Differences in 5'untranslated regions highlight the importance of translational regulation of dosage sensitive genes.
Wieder N., D'Souza EN., Martin-Geary AC., Lassen FH., Talbot-Martin J., Fernandes M., Chothani SP., Rackham OJL., Schafer S., Aspden JL., MacArthur DG., Davies RW., Whiffin N.
Untranslated regions (UTRs) are important mediators of post-transcriptional regulation. The length of UTRs and the composition of regulatory elements within them are known to vary substantially across genes, but little is known about the reasons for this variation in humans. Here, we set out to determine whether this variation, specifically in 5'UTRs, correlates with gene dosage sensitivity.

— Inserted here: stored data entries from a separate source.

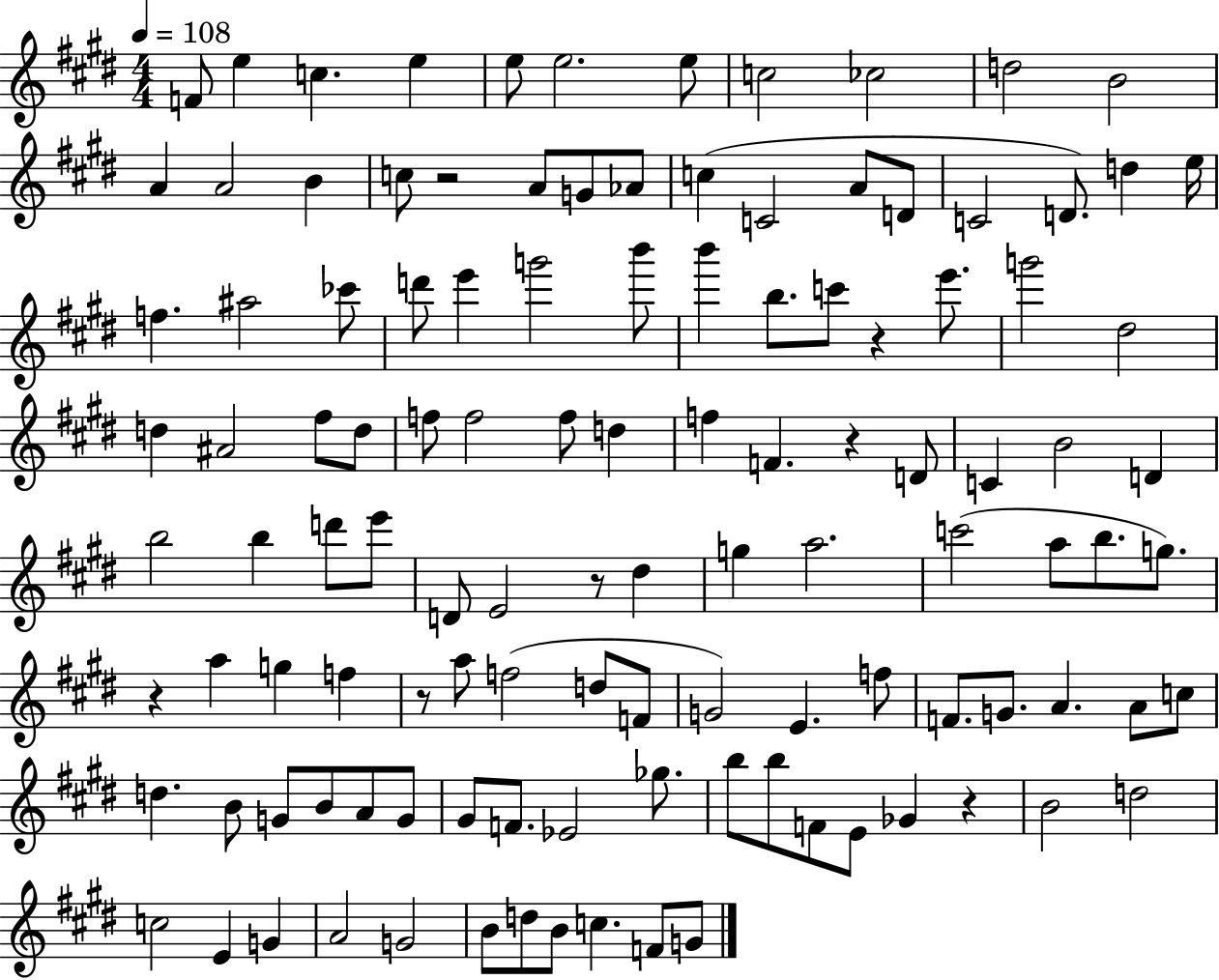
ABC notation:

X:1
T:Untitled
M:4/4
L:1/4
K:E
F/2 e c e e/2 e2 e/2 c2 _c2 d2 B2 A A2 B c/2 z2 A/2 G/2 _A/2 c C2 A/2 D/2 C2 D/2 d e/4 f ^a2 _c'/2 d'/2 e' g'2 b'/2 b' b/2 c'/2 z e'/2 g'2 ^d2 d ^A2 ^f/2 d/2 f/2 f2 f/2 d f F z D/2 C B2 D b2 b d'/2 e'/2 D/2 E2 z/2 ^d g a2 c'2 a/2 b/2 g/2 z a g f z/2 a/2 f2 d/2 F/2 G2 E f/2 F/2 G/2 A A/2 c/2 d B/2 G/2 B/2 A/2 G/2 ^G/2 F/2 _E2 _g/2 b/2 b/2 F/2 E/2 _G z B2 d2 c2 E G A2 G2 B/2 d/2 B/2 c F/2 G/2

We investigate 5'UTR length, the number of alternative transcription start sites, the potential for alternative splicing, the number and type of upstream open reading frames (uORFs) and the propensity of 5'UTRs to form secondary structures. We explore how these elements vary by gene tolerance to loss-of-function (LoF; using the LOEUF metric), and in genes where changes in dosage are known to cause disease. We show that LOEUF correlates with 5'UTR length and complexity. Genes that are most intolerant to LoF have longer 5'UTRs, greater TSS diversity, and more upstream regulatory elements than their LoF tolerant counterparts. We show that these differences are evident in disease gene-sets, but not in recessive developmental disorder genes where LoF of a single allele is tolerated. Our results confirm the importance of post-transcriptional regulation through 5'UTRs in tight regulation of mRNA and protein levels, particularly for genes where changes in dosage are deleterious and lead to disease. Finally, to support gene-based investigation we release a web-based browser tool, VuTR, that supports exploration of the composition of individual 5'UTRs and the impact of genetic variation within them.